The rest of your post largely makes sense. Rust does not work on as many platforms as C; it is not diversely implemented; it is less simple. Your assertion that it requires "10× to 100× or more RAM, CPU time, and power usage" should be qualified with "at compile time", but that's a quibble.
1/4
The problem is that this all misses the point. Rust is extremely useful in some use cases _as it exists today_. I work at a company whose literally lifesaving business would be very difficult to achieve as reliably, or with as few developers or machines as today. Rust is moving our infrastructure in the direction of better energy efficiency, not worse.
We have issues with the immaturity of the ecosystem (though not, so far, the language itself), but our alternatives would be Ruby or Python, which are both used within our ecosystem and which are both slow and of which both have a higher rate of bugs; C, which would require more effort to represent the same complexity of data, and would almost certainly have more logic errors due to the lacking type system; PHP or Perl, which combine these problems; or another niche language, like Elixir, a Lisp, an OCaml, or perhaps Haskell.
2/4
Choosing Rust is an engineering decision; it comes with tradeoffs. Your post is clearly in reference to the Python cryptography package’s decision to require a Rust dependency, but your post elides that detail. There is a legitimate discussion to be had about whether that was a valid engineering decision, but given the age, reach, scope, and large network of the cryptography project, I think you need to assume that the maintainers of that project made that decision in good faith.

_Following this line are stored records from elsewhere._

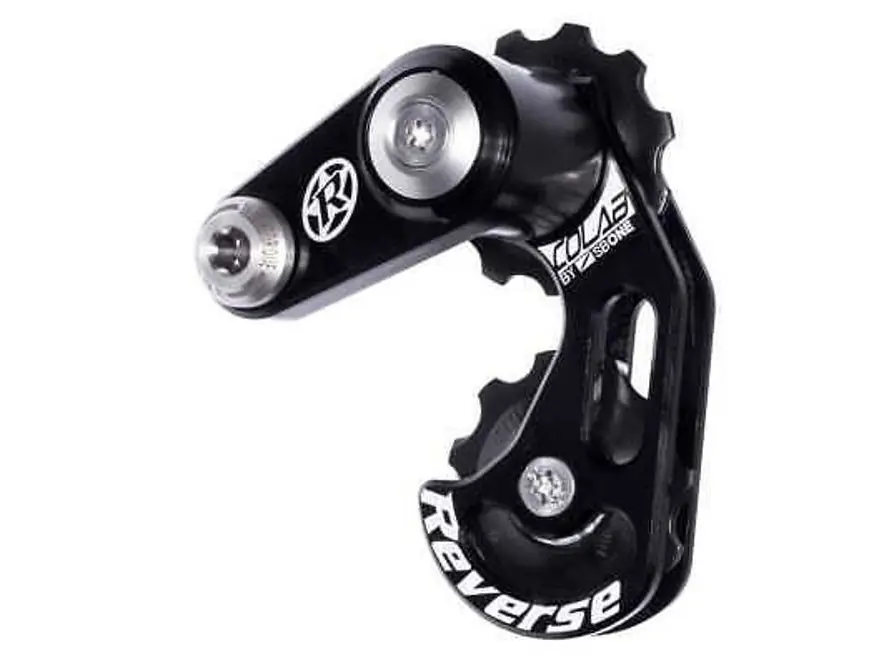 Tovární Cena Napínák řetězu Reverse Colab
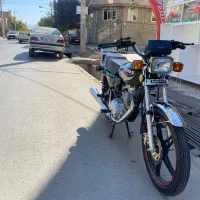 موتورهمتاز1403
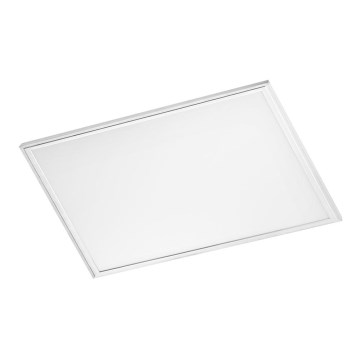 Eglo - Πάνελ LED 1xLED/34W/230V 450mm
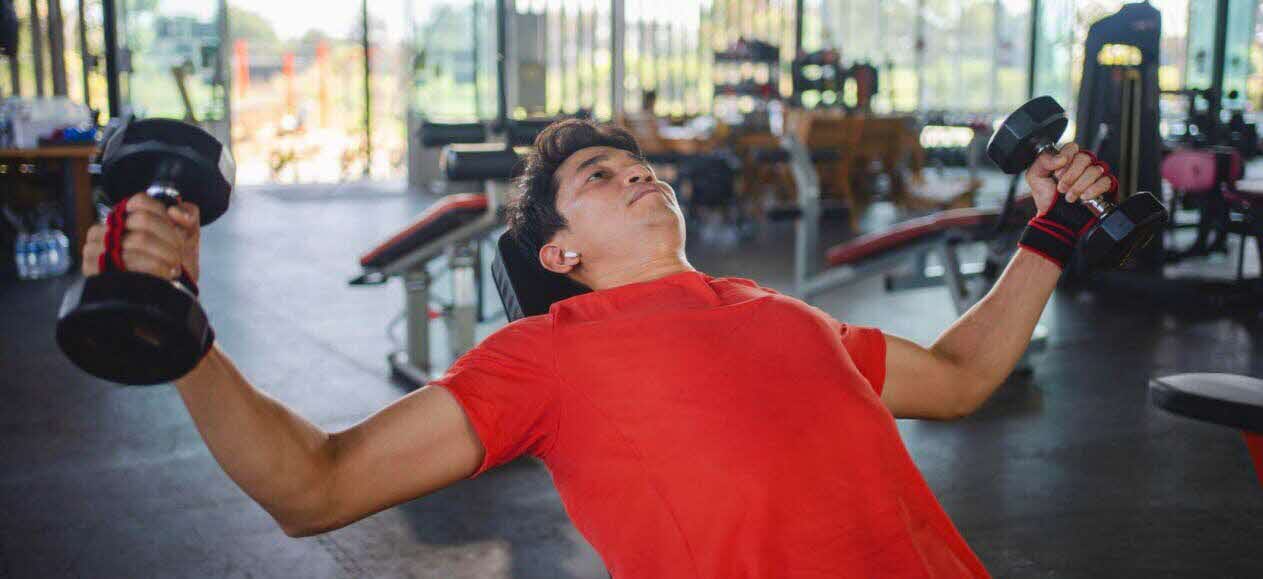 Self-care and financial wellness: meaning and a holistic approach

So, I’ll ask more specifically – what do you mean? When you ask the Rust team to “calm down”, what course of action would you prescribe? When you call a bunch of hard-working, brilliant, and talented FOSS and commercial developers “toddlers”, what do you expect to achieve? When you appeal to tired memes and the supposed prevalence of behavior the Rust community explicitly discourages, what are you trying to evoke? When you say that Rust “breaks a lot of stuff”, what do you mean?
3/4
For context, this is the post I'm responding to. https://drewdevault.com/2021/02/09/Rust-move-fast-and-break-things.html
@tindall
Something drew didn't mention is Rust's support for WASM which is one of the best. I remember working with C++ and emscriptem and that was a nightmare but its been a while and that might have changed.

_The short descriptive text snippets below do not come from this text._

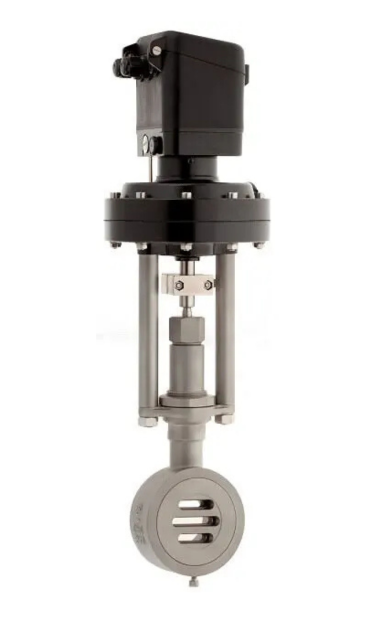 teknik branscher Vatgas 8021_schubert_&_salzer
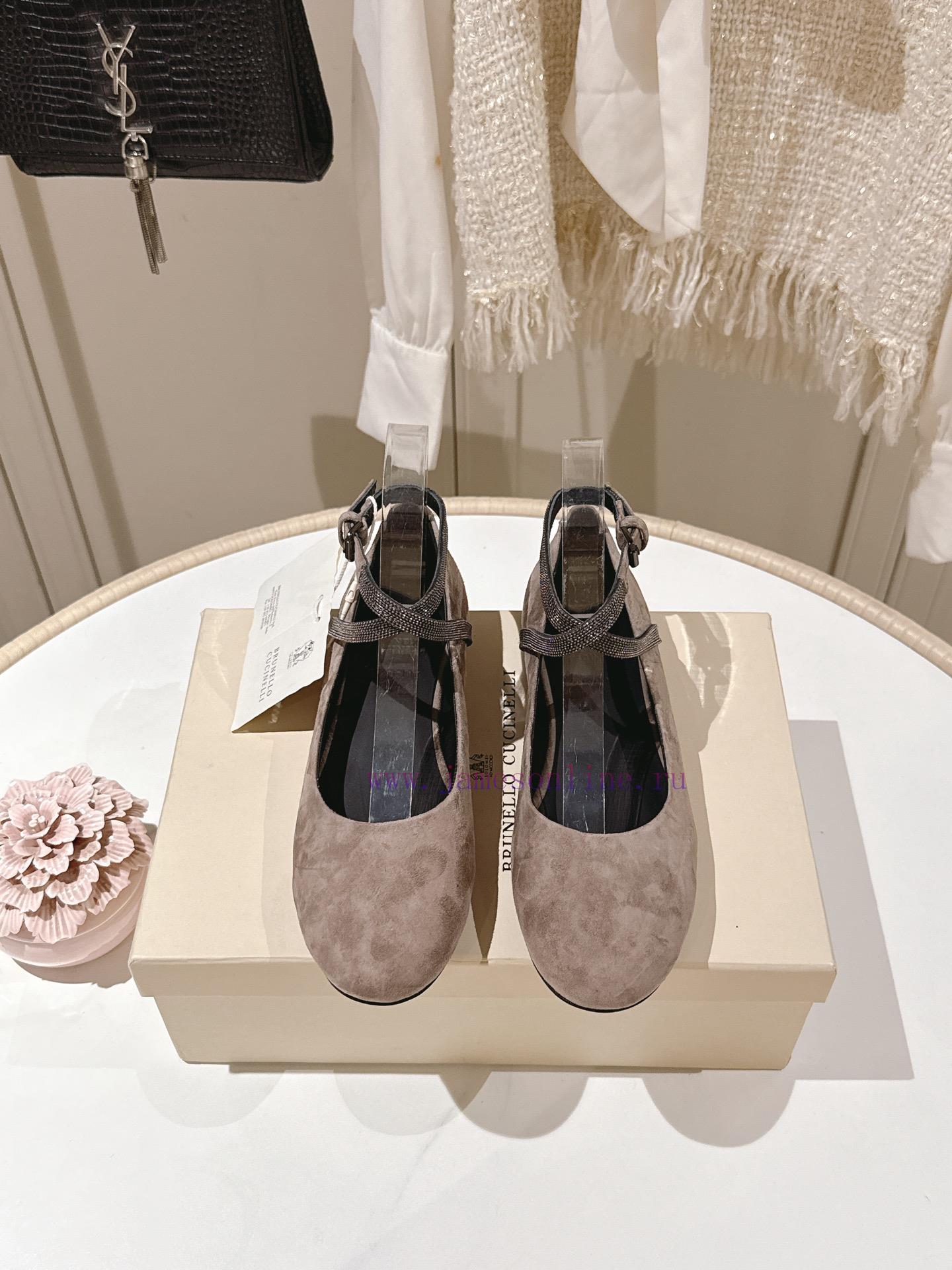 μιγκατο ασπρες μποτες ψηλες | 《 Style 》 《 The Highest Quality In The Market 》 BRUNELLO CUCINELLIBC Flat Bottom Shoes Material je7egn4t | under armour αθλητικα παπουτσια - Image 2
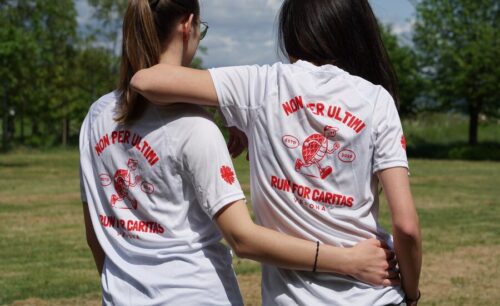 maglia-RUN-FOR-CARITAS-1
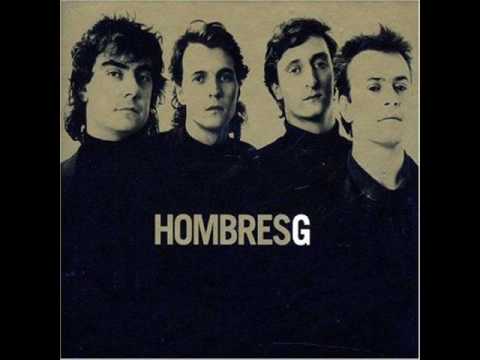 El Cielo Herido video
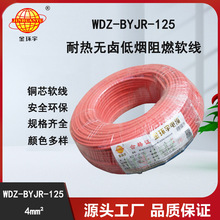 h늾 4ƽb늾WDZ-BYJR-125 ͟ouȼ늾͟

I've also had zero problems getting rust working on raspberry pis so I think Drew was a bit heavy handed about rust only working on tier 1 targets.
In my experience Rust has produced about equally preforming software compared to C++ at least as far as CPU time.
rust
@tindall While his post makes the tactless comments common to those who share his views on the subject...I think the crux of his concerns are thus: the pace at which Rust software is becoming essential feels reckless when compared to the pace of platform support and improvements to the bootstrap process. The "ask any distro packager that works with Rust" sentence is not used lightly—working with Rust on fringe platforms as a distro maintainer comes with a lot of pitfalls.
Void Linux on ppc is a perfect case study for this. Because there's no Rust spec and the compiler is self-hosting, bootstrapping is an arduous process of building each version of the toolchain in sequence, fixing any issues that crop up along the way. mrustc and the future gcc-rs can help with this, but only so much—they're still going to be dozens of versions behind the current "stable" Rust. (Points of reference: gcj reduces Java bootstrap length to 5, while gccgo has musl problems and Void resorted to official Go bootstrap binaries.)